Just 5 kilometres northeast of Downtown, Crystal Lake is one of Grande Prairie’s top attractions in summer and winter. A wetlands area with easy-to-navigate trails is ideal for bird watching. The trumpeter swan, also the city’s official symbol, nests here in the summer. In winter, the frozen lake becomes a major gathering place for cross-country skiers.

In the heart of Grande Prairie, Muskoseepi Park encompasses 445 hectares, including ponds for fishing and ice skating, a Thrill Hill for sliding, and trails for hiking and cross-country skiing. The park’s amphitheatre hosts community events and concerts. Grande Prairie Museum also lies within the park. Its permanent collection includes 55,000 pieces, ranging from prehistoric fossils to frontier-era survey equipment. On the northern border of the park, visitors can explore the region’s history further at the Heritage Discovery Centre. Adults will appreciate the comprehensive timeline on display, and kids will love the animatronic dinosaur.

For more kid-friendly fun, drive 5 kilometres south to the Eastlink Centre, a multifunction recreation facility. An indoor water park includes a surfing area, a dinosaur-themed splash park and a lazy river for tubers. Squash and racquetball courts are also available.

About 13 kilometres south of Eastlink Centre, Nitehawk Recreation Area has one of the few hills in the region tall enough for skiing. Another of Grand Prairie’s top attractions, the slope features nine runs for skiers and snowboarders. There’s also a luge track on site. After a mandatory safety lesson, thrill seekers can zip down a curvy 1 kilometre track. In addition, the park offers challenging trails for serious mountain bikers.

Before complete exhaustion sets in, head back to the city centre to unwind at one of Grande Prairie’s top restaurants.
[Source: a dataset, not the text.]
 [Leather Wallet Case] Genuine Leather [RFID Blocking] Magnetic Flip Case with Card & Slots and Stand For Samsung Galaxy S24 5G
Taj Restaurant earns kudos from locals for its spicy Indian fare. Whenever possible, the restaurant uses in-season produce from area farmer’s markets. Vegetarians will appreciate the wide variety of meat-free dishes. Less than 3 kilometres to the northwest, Wok Box serves up affordable Asian dishes the whole family will like. This popular Canadian chain is known for generous portions and fresh, crispy vegetables.

To continue the Asian theme, head less than 1 kilometre north to Tokyo Ichiban Restaurant, one of Grande Prairie’s top restaurants. Tasty cucumber rolls and spicy sashimi have earned the restaurant a loyal following among residents. For a sweet treat, try the Japanese bubble tea for dessert.